Mientras el reverendo leía pasajes de la Biblia Luther y Jimmy bajaron el ataúd. Yo estaba de pie junto a Charlotte y me pregunté si ella realmente entendía lo que estaba pasando. En su rostro se dibujaba una sonrisa angelical.

El reverendo dijo unas palabras acerca de que Emily era ahora feliz en el lugar en que merecía estar, y después todos nos marchamos, menos Luther que se quedó a rellenar la tumba. Insistió en hacerlo solo. Cuando me giré y vi cómo echaba la tierra, pensé que era feliz. Trabajaba con un vigor juvenil, y el hecho de tirar la tierra en la tumba y oír cómo caía sobre el ataúd de Emily Booth parecía rejuvenecerlo. Estaba segura de que junto a Emily enterraba también toda una vida de dolor y sufrimiento.

Le di algo al reverendo por las molestias que se había tomado, y después Jimmy, Charlotte y yo tomamos por fin té con menta. Charlotte nos lo preparó. Al moverse por la cocina vi que era mucho más capaz de lo que Emily aseguraba. Libre ahora de las cadenas y restricciones a las que había sido sometida, Charlotte parecía ansiosa por asumir más responsabilidades.

—¿Dónde quieres ir ahora, Charlotte? —le pregunté.

—¿Ir? —dijo, y levantó la vista de la taza. Miró a su alrededor—. A ningún sitio. Hoy tengo que hacer un poco de limpieza y seguir con el bordado.

—Hace unas cosas preciosas —le dije a Jimmy.

De pronto oímos cómo se abría y se cerraba la puerta principal.

—He puesto la señal —dijo Luther al entrar en la cocina.

—¿Y una lápida? —preguntó Jimmy.

—Ya casi la he terminado —contestó Luther, y se sentó a la mesa—. Llevo años haciéndola —añadió. Jimmy me sonrió.

—¿Qué quiere hacer ahora, Luther? —le pregunté.

—¿Hacer ahora?

—¿Va a quedarse aquí?

—Hasta que alguien me eché a patadas —respondió—. No tengo ningún otro sitio al que ir, y… —se volvió hacia Charlotte— alguien tiene que cuidar de la señorita Charlotte.

Asentí, sonriendo.

—Me parece que estaría muy bien —dije—. Cuando Jimmy y yo regresemos a Cutler’s Cove le diré al abogado que se ocupe de las cuestiones legales de la propiedad. Pase lo que pase, no veo razón para que usted y Charlotte no puedan quedarse aquí. Eso es, si realmente cree que puede cuidarla, Luther —añadí.

Fijó sus oscuros ojos en mí y puso el rostro más serio que jamás le había visto.

—De una forma u otra la he estado cuidando desde que recuerdo —contestó.

—Supongo que eso es cierto —dije.

—Y aquí tienes tu taza de té con menta —dijo Charlotte, y la colocó delante de él. A continuación retrocedió unos pasos, los ojos llenos de orgullo.

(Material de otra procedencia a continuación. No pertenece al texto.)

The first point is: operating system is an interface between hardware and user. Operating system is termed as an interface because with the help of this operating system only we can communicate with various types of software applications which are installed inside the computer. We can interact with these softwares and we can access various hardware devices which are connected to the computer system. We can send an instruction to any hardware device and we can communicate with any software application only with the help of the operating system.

—Gracias, Charlotte —dijo Luther.

Ella le dedicó una sonrisa de felicidad. Después me miró y aplaudió.

—Casi me había olvidado —dijo—. Mañana es mi cumpleaños.

Me eché a reír, pues recordé que todos los días solía decir lo mismo, pero Luther levantó la vista.

—Tiene razón —exclamó—. ¡Esta vez es de verdad!